Activity: In the listing below, find the line with "Massive Brass Easel", then repeat exactly every line from the top through that one.

++++ Data supplied

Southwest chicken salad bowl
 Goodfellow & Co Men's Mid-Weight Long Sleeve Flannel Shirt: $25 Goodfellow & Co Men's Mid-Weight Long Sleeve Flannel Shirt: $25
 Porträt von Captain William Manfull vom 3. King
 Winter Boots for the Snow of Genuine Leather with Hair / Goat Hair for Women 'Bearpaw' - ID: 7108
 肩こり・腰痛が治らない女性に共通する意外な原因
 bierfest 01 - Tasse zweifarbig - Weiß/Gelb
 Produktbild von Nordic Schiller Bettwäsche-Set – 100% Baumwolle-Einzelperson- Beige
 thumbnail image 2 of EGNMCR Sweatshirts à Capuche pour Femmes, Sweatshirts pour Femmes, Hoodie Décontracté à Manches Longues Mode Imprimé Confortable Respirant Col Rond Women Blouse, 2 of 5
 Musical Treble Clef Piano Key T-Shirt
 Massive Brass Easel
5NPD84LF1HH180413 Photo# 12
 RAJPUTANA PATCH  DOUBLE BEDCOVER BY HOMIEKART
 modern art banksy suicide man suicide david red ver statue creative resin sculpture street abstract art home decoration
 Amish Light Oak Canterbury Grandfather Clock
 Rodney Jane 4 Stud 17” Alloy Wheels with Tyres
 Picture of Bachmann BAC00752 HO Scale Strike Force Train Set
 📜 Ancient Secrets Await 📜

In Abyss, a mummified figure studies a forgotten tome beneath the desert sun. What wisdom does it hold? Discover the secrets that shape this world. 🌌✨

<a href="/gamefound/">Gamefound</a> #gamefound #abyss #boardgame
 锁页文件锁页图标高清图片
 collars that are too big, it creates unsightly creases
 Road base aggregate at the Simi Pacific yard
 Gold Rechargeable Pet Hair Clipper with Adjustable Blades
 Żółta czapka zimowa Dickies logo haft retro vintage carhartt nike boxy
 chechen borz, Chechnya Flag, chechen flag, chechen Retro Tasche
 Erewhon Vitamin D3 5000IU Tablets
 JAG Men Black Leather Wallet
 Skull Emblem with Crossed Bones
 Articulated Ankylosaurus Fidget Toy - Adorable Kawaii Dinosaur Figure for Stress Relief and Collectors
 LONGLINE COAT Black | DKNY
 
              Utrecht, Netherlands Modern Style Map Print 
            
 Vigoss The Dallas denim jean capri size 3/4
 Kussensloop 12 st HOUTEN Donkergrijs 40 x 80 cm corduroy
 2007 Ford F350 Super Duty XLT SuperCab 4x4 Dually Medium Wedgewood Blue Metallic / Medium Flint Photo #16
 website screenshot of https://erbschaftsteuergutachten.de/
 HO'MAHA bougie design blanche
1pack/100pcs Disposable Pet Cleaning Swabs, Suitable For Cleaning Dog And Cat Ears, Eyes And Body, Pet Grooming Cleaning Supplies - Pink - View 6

++++++++

Answer to the exercise:
Southwest chicken salad bowl
 Goodfellow & Co Men's Mid-Weight Long Sleeve Flannel Shirt: $25 Goodfellow & Co Men's Mid-Weight Long Sleeve Flannel Shirt: $25
 Porträt von Captain William Manfull vom 3. King
 Winter Boots for the Snow of Genuine Leather with Hair / Goat Hair for Women 'Bearpaw' - ID: 7108
 肩こり・腰痛が治らない女性に共通する意外な原因
 bierfest 01 - Tasse zweifarbig - Weiß/Gelb
 Produktbild von Nordic Schiller Bettwäsche-Set – 100% Baumwolle-Einzelperson- Beige
 thumbnail image 2 of EGNMCR Sweatshirts à Capuche pour Femmes, Sweatshirts pour Femmes, Hoodie Décontracté à Manches Longues Mode Imprimé Confortable Respirant Col Rond Women Blouse, 2 of 5
 Musical Treble Clef Piano Key T-Shirt
 Massive Brass Easel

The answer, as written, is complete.